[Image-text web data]
++++

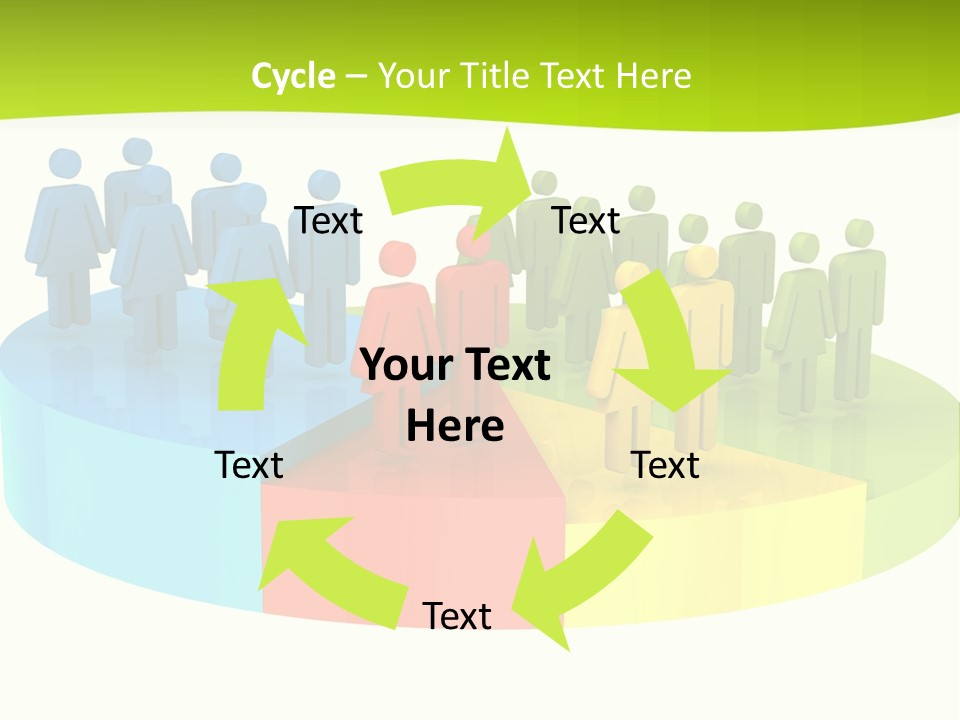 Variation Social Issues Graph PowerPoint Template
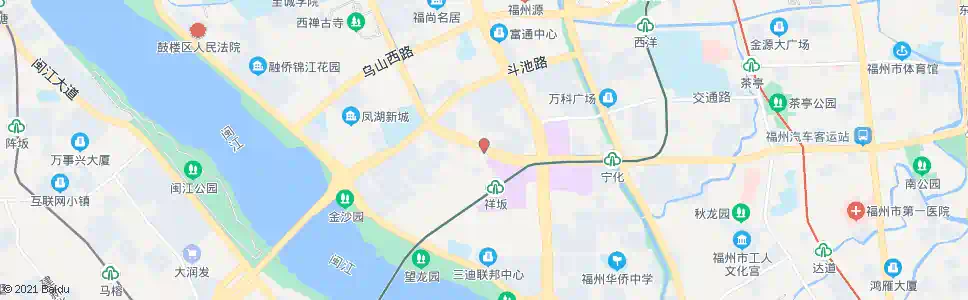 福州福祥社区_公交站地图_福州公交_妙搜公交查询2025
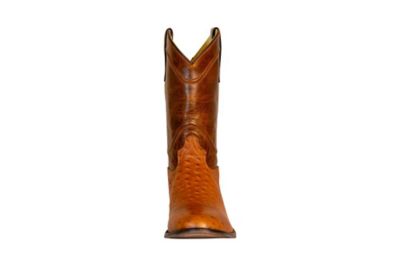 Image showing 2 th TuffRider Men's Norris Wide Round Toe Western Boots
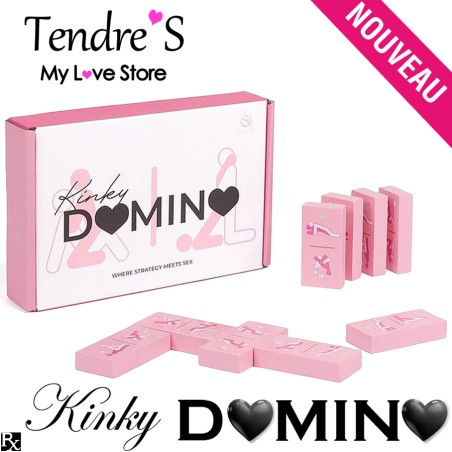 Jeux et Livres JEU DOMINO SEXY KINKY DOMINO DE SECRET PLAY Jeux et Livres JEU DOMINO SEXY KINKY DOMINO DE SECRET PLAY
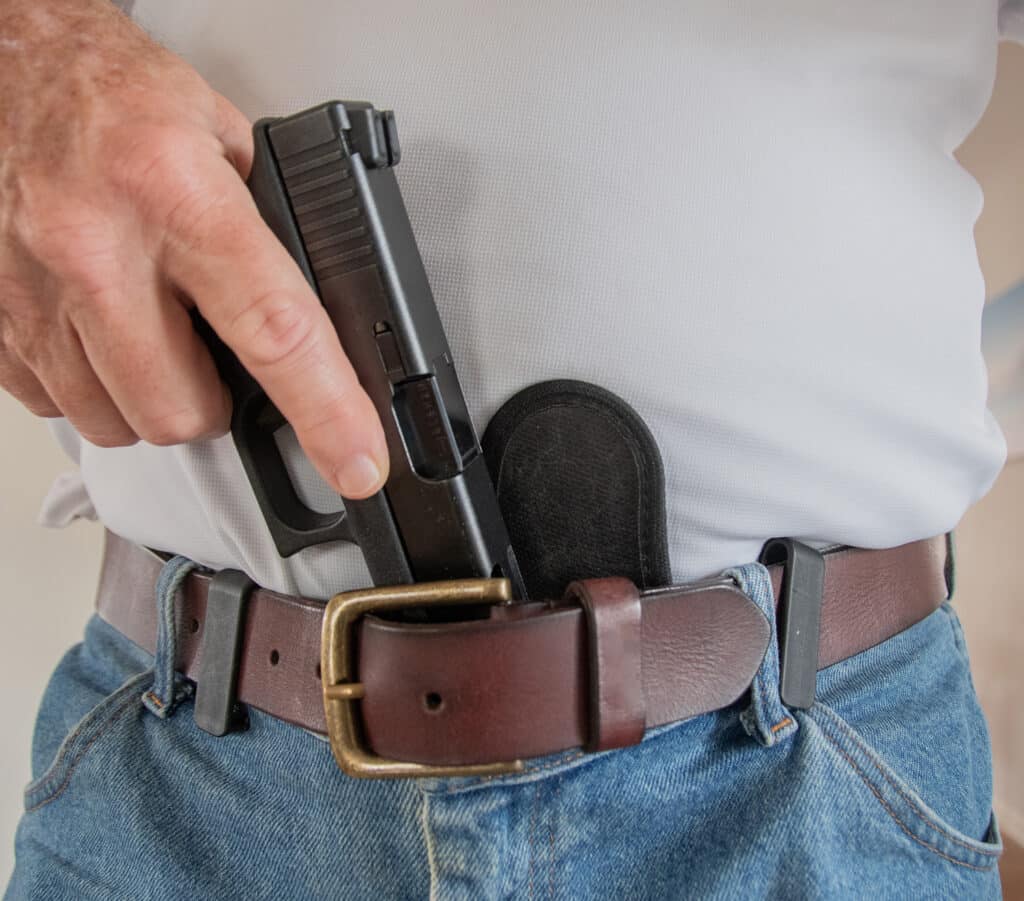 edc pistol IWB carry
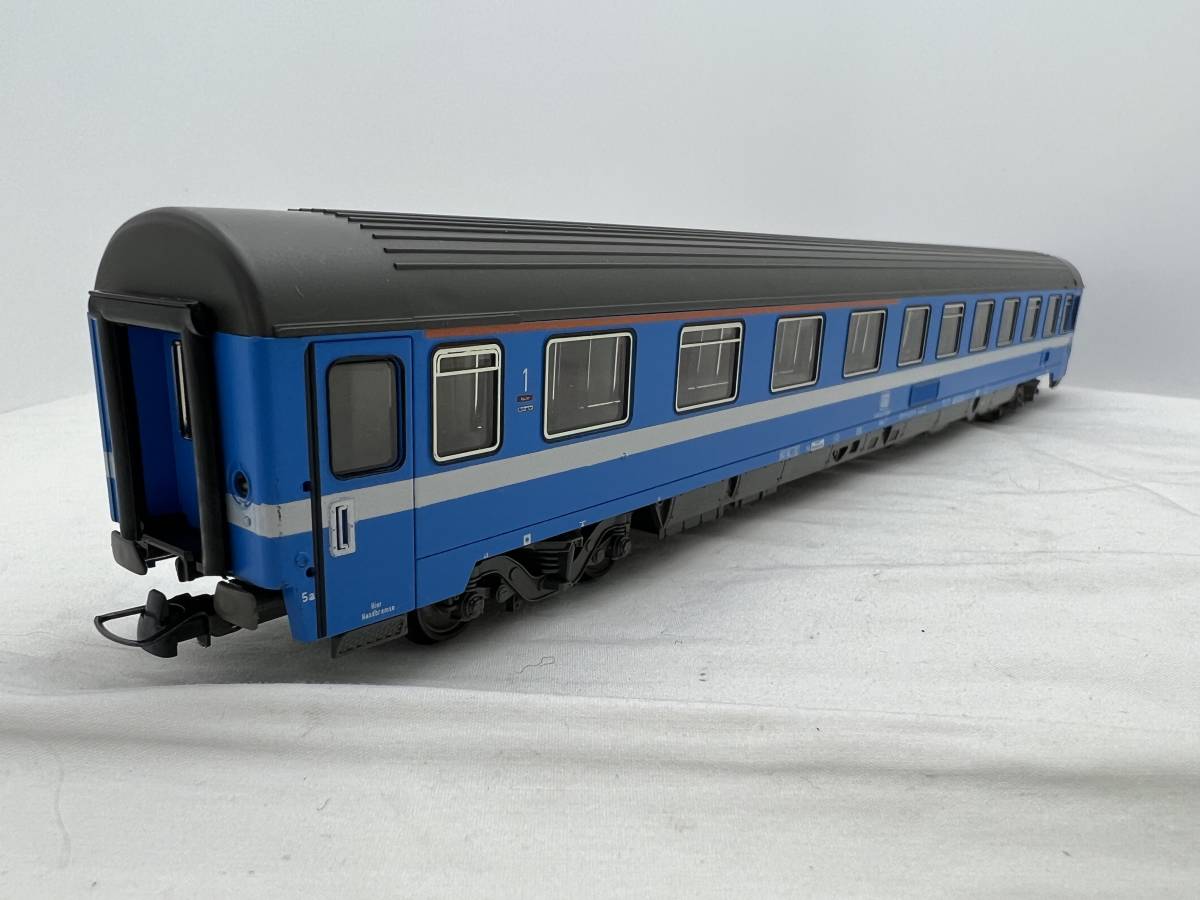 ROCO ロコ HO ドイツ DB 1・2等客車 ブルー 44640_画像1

++++

> Your objective
Would you retype the lines from the line containing "Image showing 2" to the final line of the entries above, exactly as given and without pictures?

> Expected answer
 Image showing 2 th TuffRider Men's Norris Wide Round Toe Western Boots
 Jeux et Livres JEU DOMINO SEXY KINKY DOMINO DE SECRET PLAY Jeux et Livres JEU DOMINO SEXY KINKY DOMINO DE SECRET PLAY
 edc pistol IWB carry
 ROCO ロコ HO ドイツ DB 1・2等客車 ブルー 44640_画像1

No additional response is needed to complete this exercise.